Kaing Guek Eav, whose alias is Duch, was sentenced last July to 35 years in prison by the trial chamber of the Extraordinary Chambers in the Courts of Cambodia (ECCC), with a five-year reduction to remedy his illegal detention at a Cambodian military court.
The court found that Mr. Kaing not only implemented, but also actively contributed to the development of the policies of the Communist Party of Kampuchea at the S-21 camp, where numerous Cambodians were unlawfully detained, subjected to inhumane conditions and forced labour, tortured and executed in the late 1970s.
During the three-day appeal hearing held by the ECCC’s Supreme Court Chamber, Mr. Kaing and his defence team reiterated that he was neither a senior leader nor one of those most responsible for heinous crimes being prosecuted at the court, and therefore should not have been tried at the court.
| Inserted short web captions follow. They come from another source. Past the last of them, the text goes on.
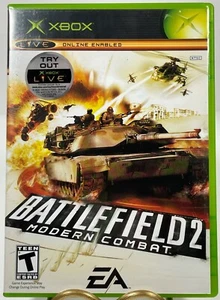 Battlefield 2: Modern Combat (Microsoft Xbox, 2005) - Picture 1 of 4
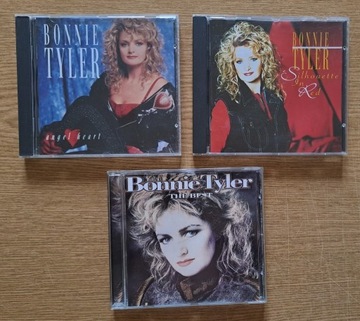 3 x CD : Bonnie Tyler – po 14 zl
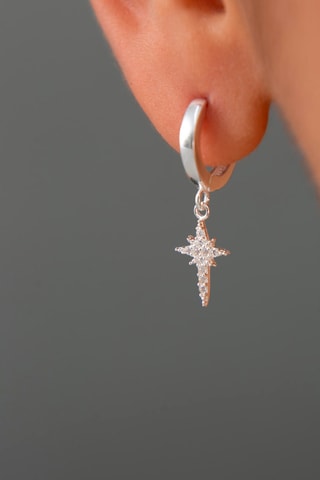 Boucles d'oreilles - Argent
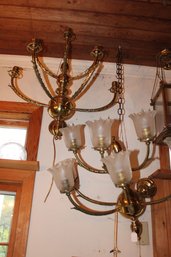 WALL SCONCES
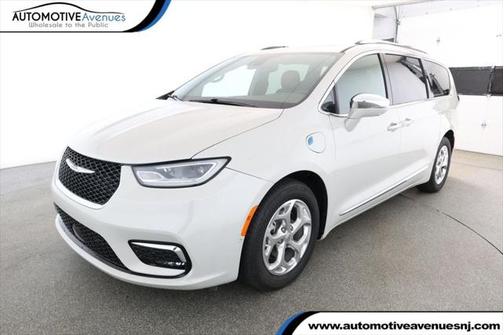 2021 Chrysler Pacifica Hybrid Limited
He told the chamber – consisting of four Cambodian judges and three internationals selected by the UN Secretary-General – that he merely acted on orders from his superior and he would have died if he didn’t. “I survived the regime, only because I respectfully and strictly followed the orders,” he said.
Meanwhile, the prosecution demanded a life imprisonment for Mr. Kaing’s role as a chairman of the security prison, where at least 12,000 people died during the period from 17 April 1975 to 6 January 1979.
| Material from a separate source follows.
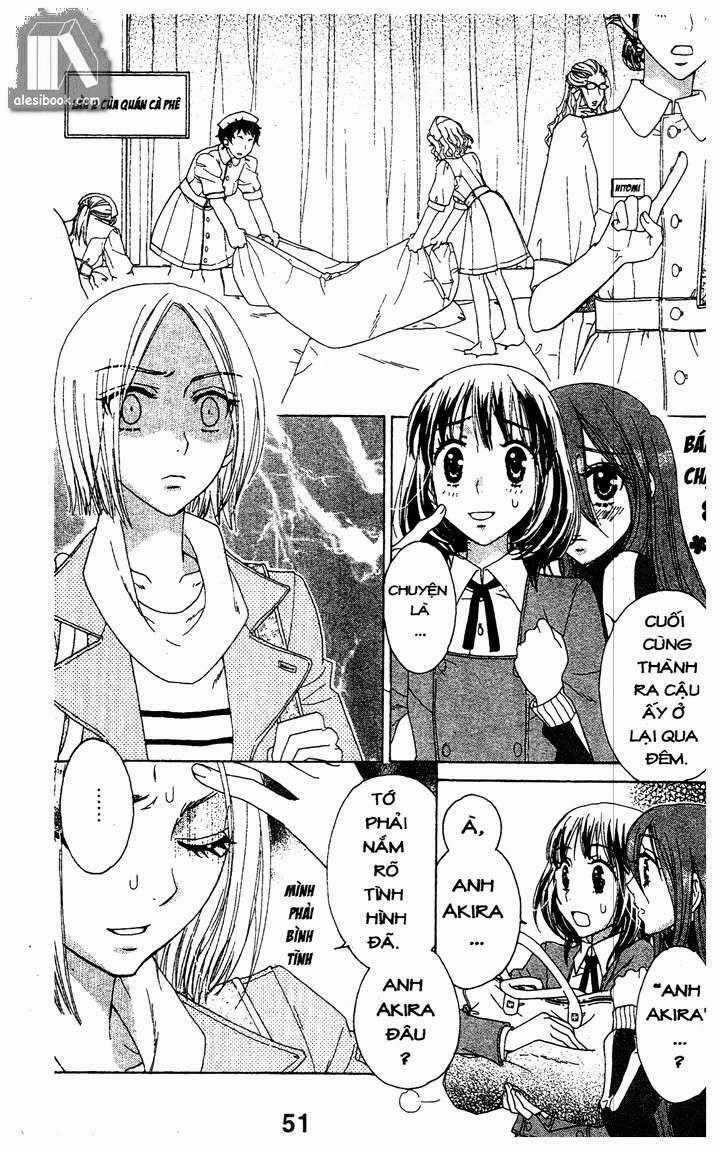 Tình Yêu Định Mệnh - Chapter 10 - Trang 1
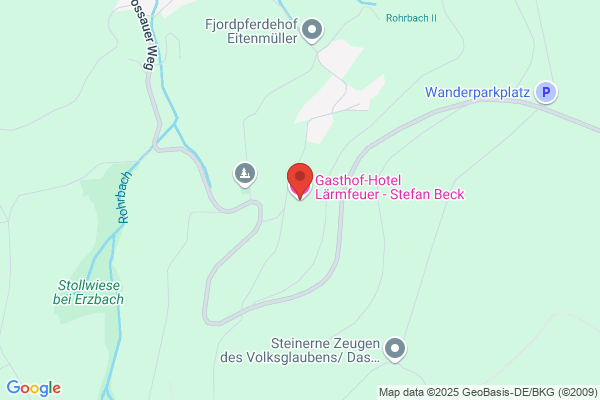 Restaurant zum Lärmfeuer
Co-Prosecutors Chea Leang and Andrew Cayley claimed that Mr. Kaing should have been cumulatively convicted for the crimes against humanity of persecution, enslavement, imprisonment, torture, rape, extermination and other inhumane acts as well as the enslavement of those detained in S-21. They demanded the Supreme Court Chamber impose a heavier sentence.
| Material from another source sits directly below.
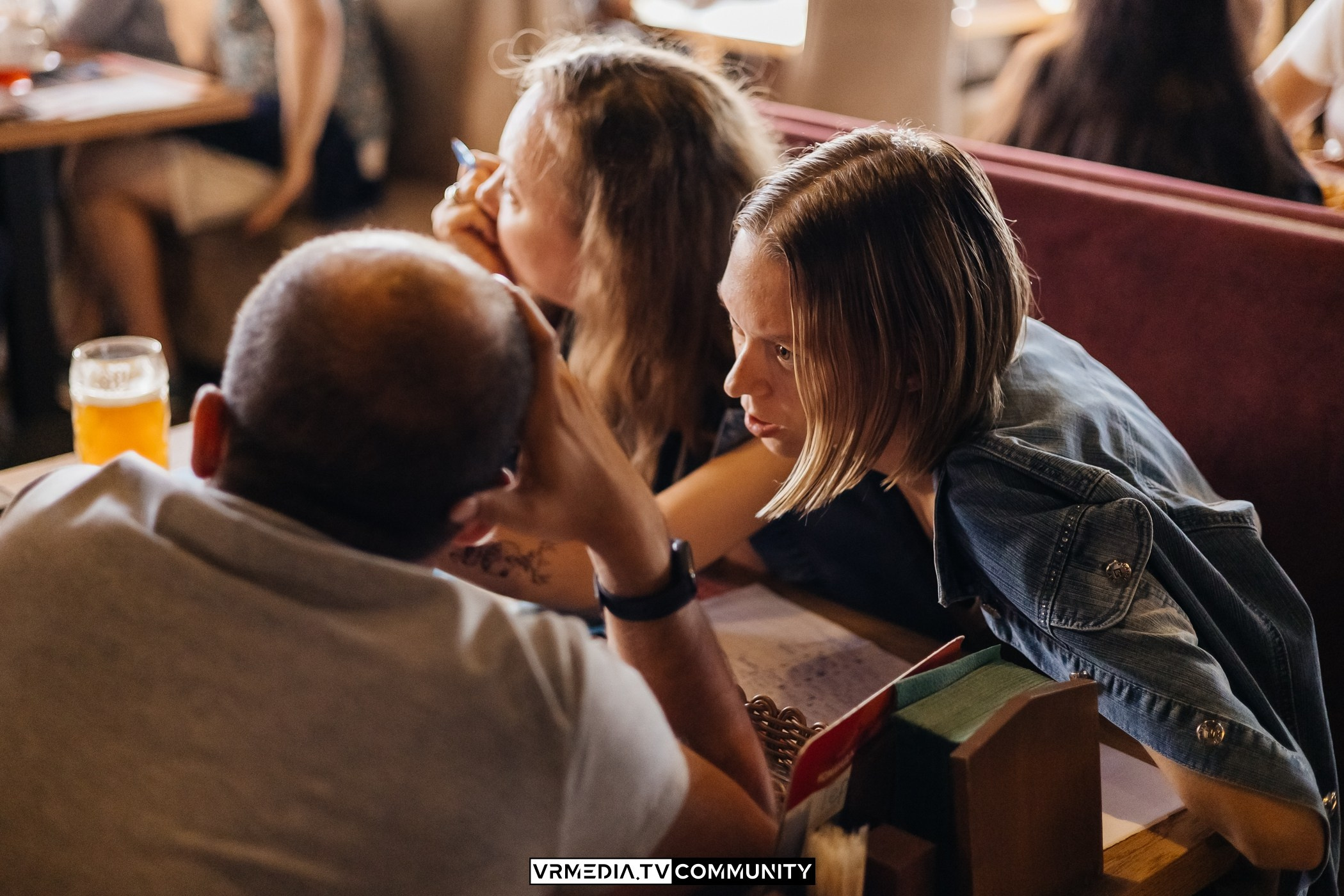 Ресторан «Мюнхен»: Эйнштейн Party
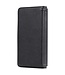 Zwart Wallet Bookcase Hoesje voor de Samsung Galaxy S21 Ultra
“We call for the imposition of a life term, reduced to 45 years simply to take account of that period of illegal detention,” Mr. Cayley told the judges. “But for the purposes of history, a life term must be imposed in this case.”
The Supreme Court Chamber is expected to hand down its appeals judgment in a few months. The appeal took place as the ECCC prepares for its second case concerning the four most senior members of the Democratic Kampuchea regime who are still alive.
Estimates vary but as many as two million people are thought to have died during the rule of the Khmer Rouge between 1975 and 1979, which was then followed by a protracted period of civil war in the impoverished South-East Asian country.